[Opening Provided data section]

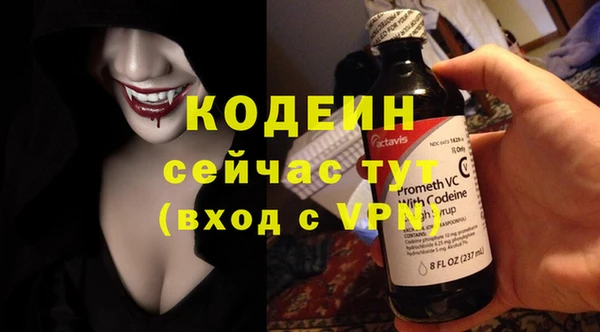 хмурый Дмитровск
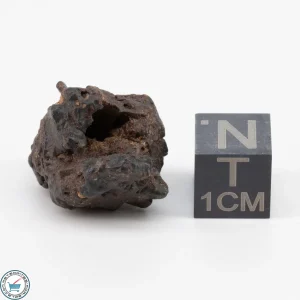 NWA 11700 Meteorite 6.7g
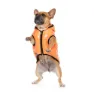 Fuzzyard Aeon Hundegenser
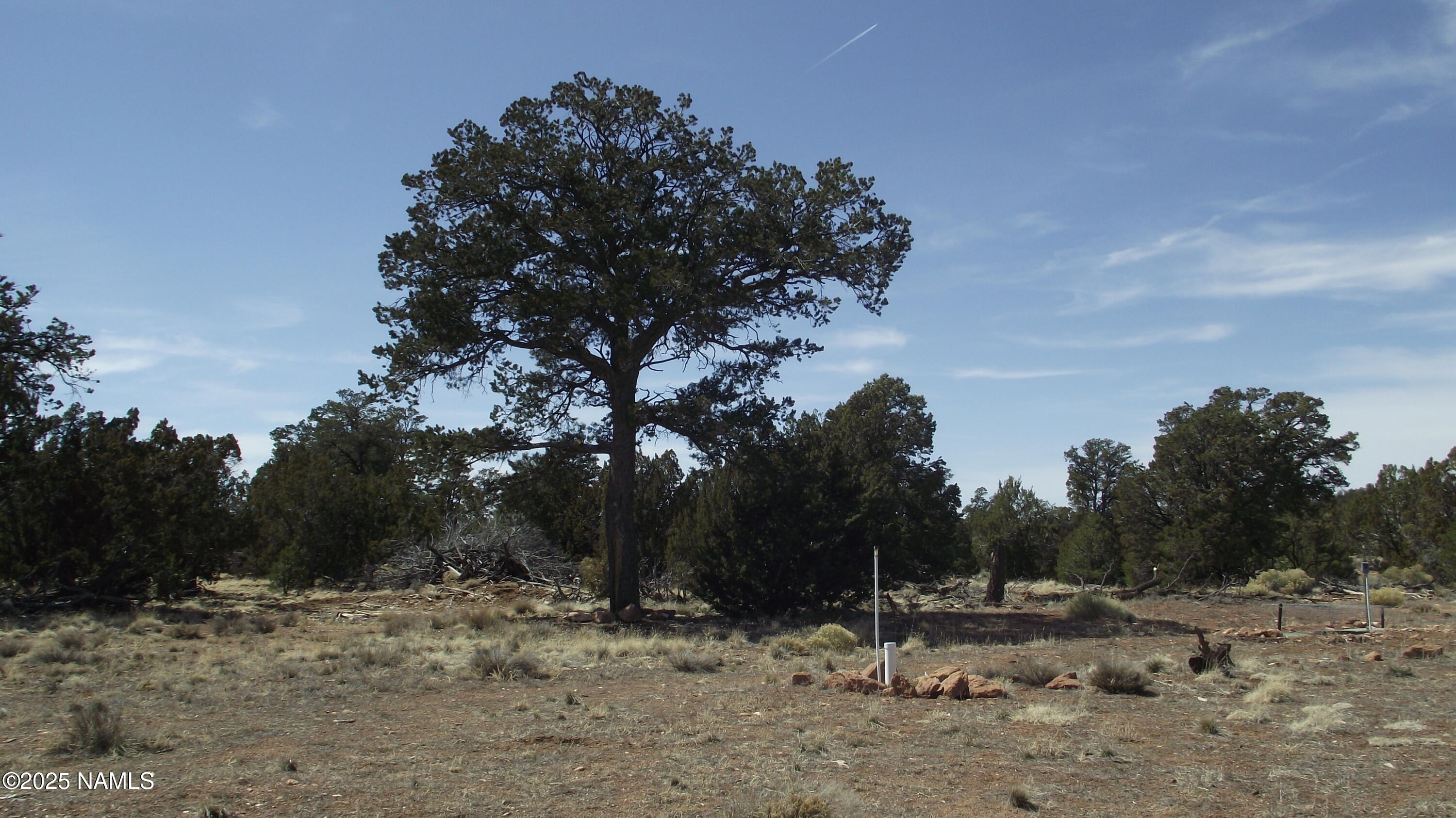 7525 Red Butte Road Williams, AZ 86046 - Photo 24 of 61 DSCF7352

[Closing Provided data section]

Exercise instructions:
Write out the whole listing exactly, and drop the pictures.

Answer space:
 хмурый Дмитровск
 NWA 11700 Meteorite 6.7g
 Fuzzyard Aeon Hundegenser
 7525 Red Butte Road Williams, AZ 86046 - Photo 24 of 61 DSCF7352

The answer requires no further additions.